Hogg New Tech Center is a project-based learning school, so Ramirez is always looking for new ways to help her students make connections to themselves and to the world around them. So when her class began a unit on reducing, reusing and recycling last spring, she encouraged her
students to dig deeper into the material.
They realized they could easily reuse their clothes and hosted a fashion show, and then Ramirez challenged them further with a simple question.
“The conversation got started, and I know at the time, I was seeing some students who did not have the right
uniforms,” Ramirez said. “Twice a year at home, I go through my kids’ closets, and we take out bags. My mom is from Mexico, so we send those clothes to Mexico to people who really need them. I thought about it and told my students, ‘We see that students don’t have uniforms. What can we do?’”

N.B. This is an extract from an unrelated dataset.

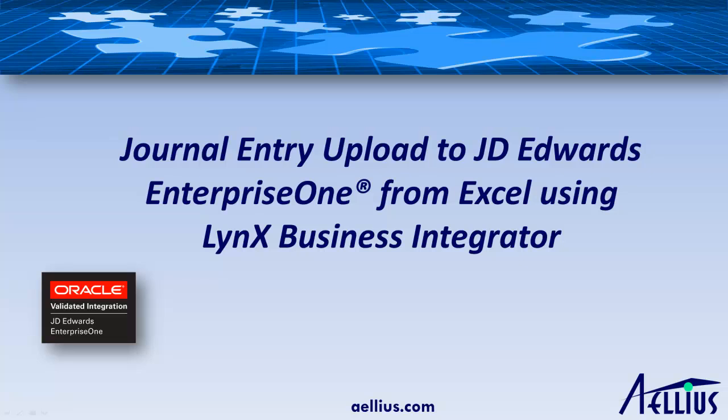Hello, today I'm going to show you a demo of how you can upload multiple journal entries to JD Edwards EnterpriseOne directly using our product, Aellius LynX Office.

Together, they started a collection drive for uniforms,
giving students across campus the incentive of a free dress pass. By May of 2022, they had collected five giant trash bags of clothes in a variety of sizes, and a group of students had approached Ramirez to ask if they could form a club dedicated to helping their school community.
Of course, Ramirez said yes. She and her family members took the clothes to a laundromat over the summer, sorted them by size and added everything to Hogg’s uniform closet. They were ready to go by “meet the teacher” night in August, just in time for a new family to ask for the uniforms their student needed.
“They came up to me as I was in the middle of greeting parents,” Ramirez said. “That moment brought me immense joy. We were able to help a family! Knowing they had one less thing to worry about made the extra work worth it.”
Her students have been just as excited to contribute. The members of the new club are helping Ramirez keep the uniform closet running and plan to go around asking if anyone needs a new uniform once a month.
“At first, I worried that students might be embarrassed to ask for a uniform, but Hogg has created a positive environment where we teach our students to ask for help,” Ramirez said. “Our students were also excited to extend our PBL into a real-life application, as reusing items in good condition will leave a positive footprint for generations ahead. The best part is that we are reducing the amount of waste in landfills.”
Moving forward, Ramirez said she hopes to do everything she can to improve her skills and continue transforming student lives. With 13 years of teaching under her belt, she is currently working on her master’s degree in curriculum and mathematics, which she will earn in May.
Her ultimate goal is clear: “I want to create opportunities that empower our students to be the positive change they want to see in the world.”